The July / August issue of InPublishing magazine was published last week. Here are some of my takeaways from it, one from each article:
- Proud to be second: For a weekly like the Observer, being a second read and a place where people come to make sense of the news is a good place to be, rather than forever chasing breaking news. (H/t Rich Furness)
- Reaching the under 35s: Publishers need to make it super-easy for their editorial teams to create multi-media content, as Immediate Media has done with its new state-of-the-art test kitchen. (H/t Lily Barclay)
- Paying interns: By limiting entry to the publishing industry to those who can afford to house and feed themselves while they work for nothing to gain the experience they need for a compelling CV, we are creating invisible barriers for those without access to the bank of mum and dad. (H/t Sue Brooks)
- AI ethics: Using AI to create images that we normally would have contracted a human photographer to take might stick in the craw, but using it in place of photographs that haven’t been taken yet because the subject doesn’t yet exist… that’s excusable. (H/t Dickon Ross)
- Customer service: Great customer service builds the brand, poor customer service damages it – just look at Trustpilot to see what happens when publishers get customer service wrong, by for instance, making it nigh-on impossible to either cancel or speak to someone. (H/t Adam Sherman)
- Medical publishing: When publishing includes patients, it becomes more than a vehicle for transmitting research. It becomes a mechanism for shaping it, challenging it, and ensuring it lands where it matters. It helps bridge the gap between evidence and empathy, and creates space for more equitable and inclusive conversations. (H/t Emma Doble)
- Bumper issues: Publish lots of them! Readers lap them up, happily paying more for an extra 16 pages, while publishers share the benefit with retailers seeing higher RSV and enhancements to the bottom line. (H/t Jon Bickley)
- Being there: For local media, it’s all about showing up, reporting the council meetings, the weekend sports matches and every significant local event one can think of – from summer galas to Remembrance Sunday parades. (H/t Robbie Scott)
- The power of the community # 1: For many publishing brands, the most consistently underrated attribute of success is its utility for a community. (H/t Douglas McCabe)
- The power of the community # 2: The big opportunity for magazine publishers moving forward lies in building and mobilising tribes by cutting through with the right content at the right time, understanding and engaging people. (H/t Jane Bruton)
- The platform challenge: Platforms are looking to keep more traffic within their owned and operated environments, linking out only when absolutely necessary – and the roll out of generative AI search interfaces will only make it tougher for publishers to get attention. (H/t Nic Newman)
- Content strategies: News consumption is driven not just by a desire to stay informed, but by a range of emotional, practical, and intellectual needs.
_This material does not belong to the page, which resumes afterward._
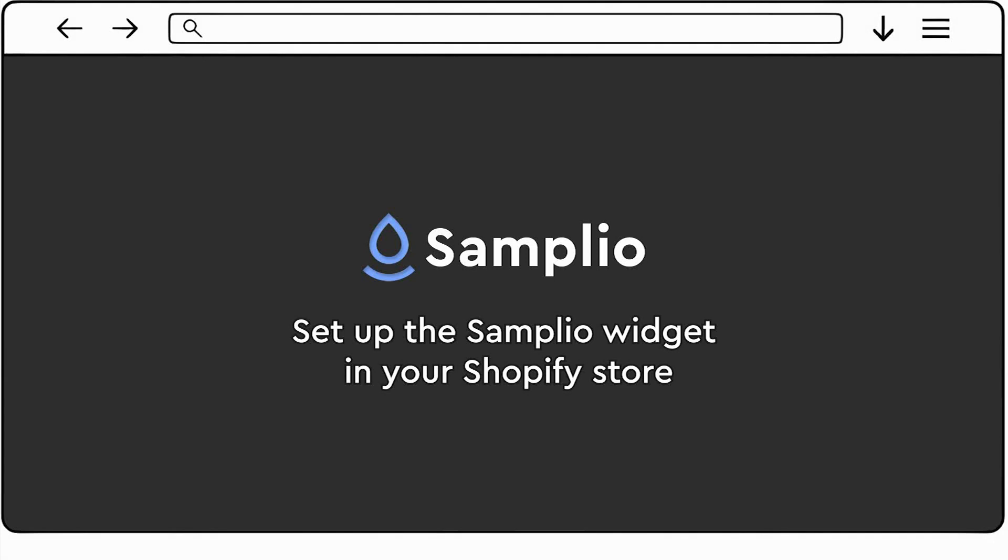Hello, and welcome to this tutorial on how to set up the Samplio widget for your Shopify store. Samplio is a samples management app that can help you manage your product samples effectively.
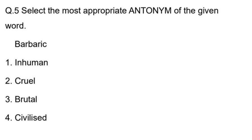Now we will look at an antonym question. The word 'inhumane' means not human — it means cruel or brutal. The antonym of inhumane would be something relating to civilization. If there is civilization, the answer is 'civilized' or 'humane.'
People don’t just want to know what’s happening; they want to understand why it matters, how it affects them, and what they can do about it. (H/t FT Strategies / Phil Clark)
- Uncertain times: The mood of the media world in 2025 is looking very different from last year. There is a clear sense that the industry is at a “moment in time”, wobbling on a tightrope between real opportunity and uncontrollable disaster, with executive burnout, over-hasty decision-making and a lack of leadership, direction and resolve being much more widespread than a year ago. (H/t Jim Bilton)
If you want to read the full issue, then please register here. Once you’ve completed your registration, you’ll be provided with a link to the digital edition.
You can catch James Evelegh’s regular column in the InPubWeekly newsletter, which you can register to receive here.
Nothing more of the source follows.